I write an Internet Business Law column for Internet.com's Boardwatch 
magazine <www.boardwatch.com>. I'm writing a series of articles on open 
source and I'd like to get community feedback for my next article dealing 
with the question below. Can you post this or email your group members? If 
they want to respond or comment they can do so by emailing me at 
<tonstanco at aol.com>. I'll review responses until March 31, 2000, the deadline 
for the article. I expect the article will appear in the June magazine and 
online in July.

I've included a few snippets from my other article on open source for 
Boardwatch to be published in May and online in June. I'd include the whole 
article here but to do so now would be unfair to Boardwatch. The article 
basically argues that software should be open, but that the developers should 
get paid for the intellectual property they create. 

I'd like hear dissenting views as much as those that agree.

Best regards, 

Tony

>>>>

QUESTION:

I believe that Open Source is a very important freedom movement, because, 
like Harvard's Professor Lessig says, code is law, but with a non-human 
police force. With closed code, we'll all be prisoners in the very near 
future. So I believe that code MUST be open.

But can anyone tell me why software can't be both open and sold like Windows? 
Why is it that software has to be basically given away if it's open? I'm not 
sure that anyone in Open Source has ever answered  this question. It just 
seems to be assumed without any critical analysis.

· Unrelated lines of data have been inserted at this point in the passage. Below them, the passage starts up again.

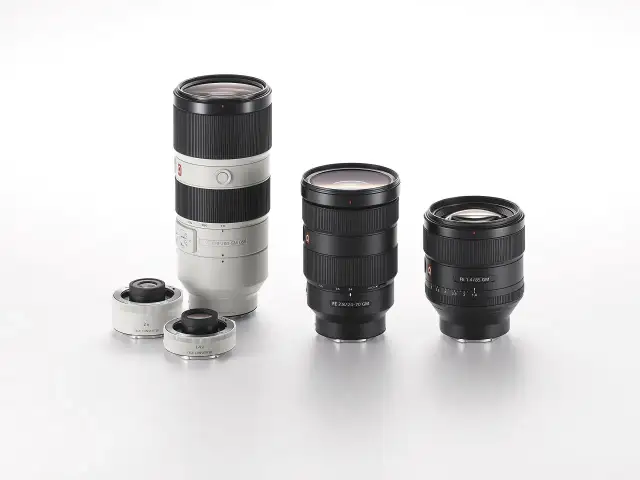 Obiektywy Sony FE 2.8/70-200 GM OSS, FE 2.8/24-70 GM, FE 1.4/85 GM oraz telekonwertery Sony E 1.4x i 2x.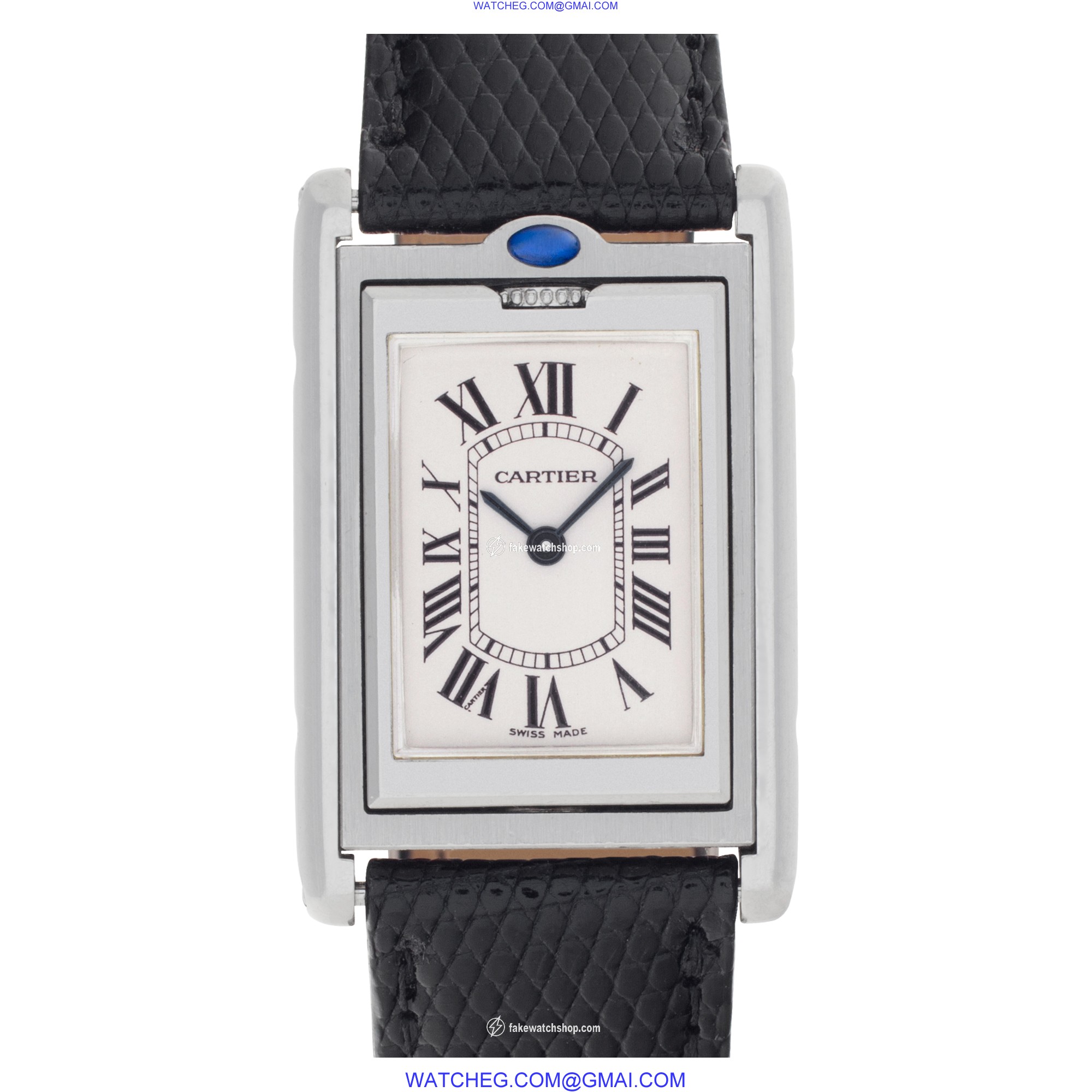 Cartier w1016730 Basculante Quartz Male Stainless Steel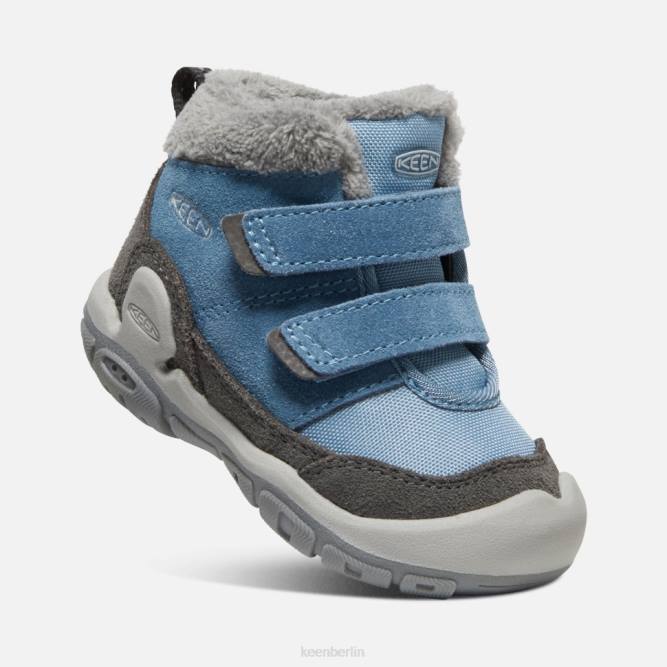 R0Z4572 Chukka mit Knoten und doppeltem Riemen für Kleinkinder Keen magnetblauer Schatten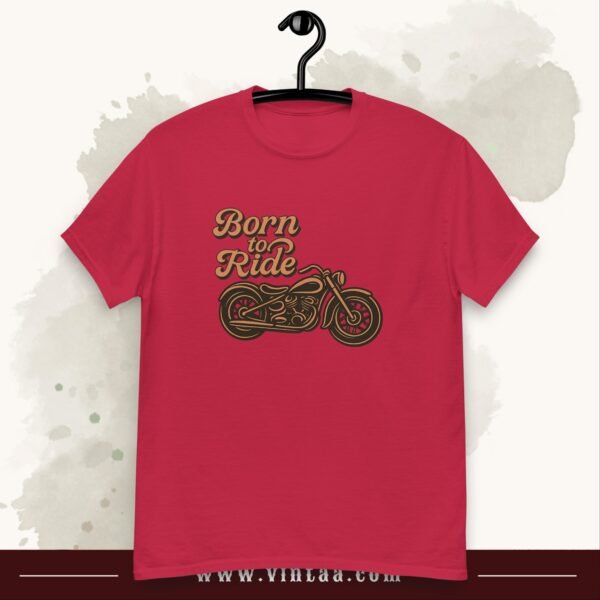 Born to Ride – Vintage Motorcycle Tee - Image 6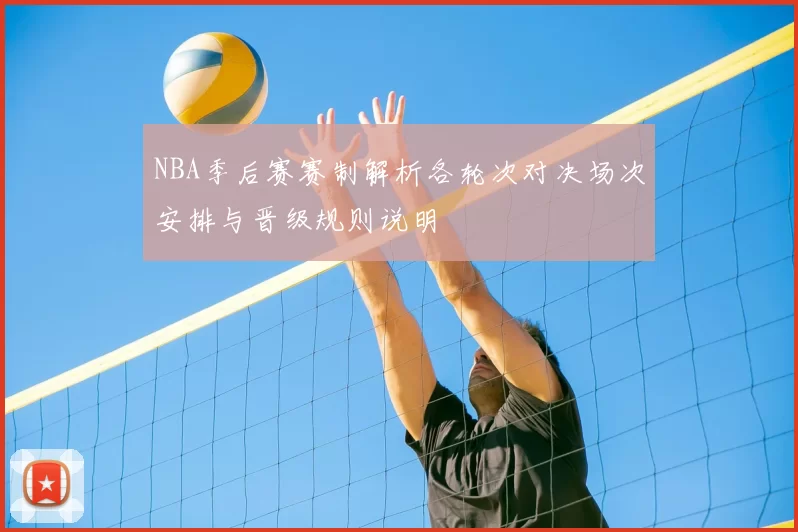NBA季后赛赛制解析各轮次对决场次安排与晋级规则说明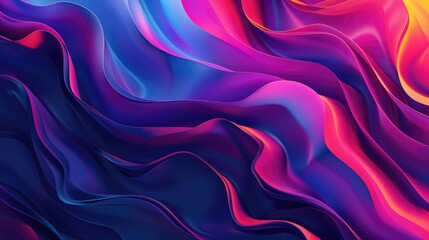 Obraz premium Abstract Swirling Neon Colors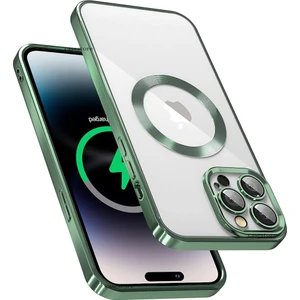 M.TK Moveteck Apple iPhone 14 Pro Max Uyumlu Armor Kılıf Kamera Lens Tam Korumalı Yuvarlak Halkalı Logo Parlak Kenar Renkli Case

Why can't Open Source 
developers get a royalty percentage of the sale price just like writers, 
recording artists or movie actors, and the product sold just like Windows is 
through traditional channels, so that the developers get paid for their work?

>>>>
>>>>
>>>>

SNIPPETS FROM PREVIOUS ARTICLE

>>>>>
INTELLECTUAL PROPERTY IS PERFECT FOR THE THIRD WORLD

With the timing that only good-natured intellectuals can have, they want to 
stop the game just as those they profess to help are entering the field. 
Intellectual property is exactly the perfect property for the 
disenfranchised. It requires the least amount of natural resources to 
produce. It requires some, but creating it is the least capital-intensive 
activity of all important economic activities. Also, it requires skills that 
are innately human and quickly learned. That's why a 14-year-old can create 
Microsoft.

What's great about this time in history is that the Internet has finally made 
pure intellectual thought developed alone in a bedroom valuable to the world 
economy. It has given 14-year-olds in India, China and other poor third world 
countries some chips to exchange. Just as this happens, the intelligentsia 
want to stop the game and take those few chips away from them. I say that's 
wrong. And that's why I think the free part of Open Source is wrong...

>>>>>
PROPERTY IS JUST TRADING CHIPS

Property is just societies' trading chips - a way to play in the game, a way 
of keeping track of who's producing and who's consuming as we move forward to 
the Post Economic goal line... 

Is it a perfect system? Look around. With over 5 billion people not even 
given a chance to pick up chips to participate and trade in the world 
economy, you have to be a fool to say it's perfect. But throwing out a system 
so that we have 6 billion poor instead of 5 billion (not including the 
Politburo types, of course, who will always do well) doesn't sound like a 
good idea to me...

>>>>
PROPERTY RIGHTS VERSUS POVERTY RIGHTS

Property rights, however, are still important, and should not be voluntarily 
surrendered so easily. The world should still try to increase the amount of 
available property. Without personal property, people are enslaved either by 
nature (e.g., Africa) or by others (e.g., China and the former Soviet 
Union).... The opposite of property rights is poverty rights...

>>>>>
INTELLECTUAL PROPERTY RIGHTS ARE HUMAN RIGHTS

John Locke said that the fruits of one's labors are his property. Since 
thinking is quintessentially human (Descartes' I think therefore I am), 
intellectual property is quintessentially human property. In fact, 
intellectual property is the perfect property, because it admixes no capital 
with labor. Moreover, intellectual property can be viewed as an extension of 
self, because it is pure thought...

>>>
MORALLY WRONG TO STOP THE GAME EARLY

What limousine intellectuals and some techno-libertarians always want to do 
is stop the game before it ends. Yes, America is leading, so is most of the 
developed world, but if you're going to call the game, don't do it until the 
rest of the world gets a chance to score at least some points.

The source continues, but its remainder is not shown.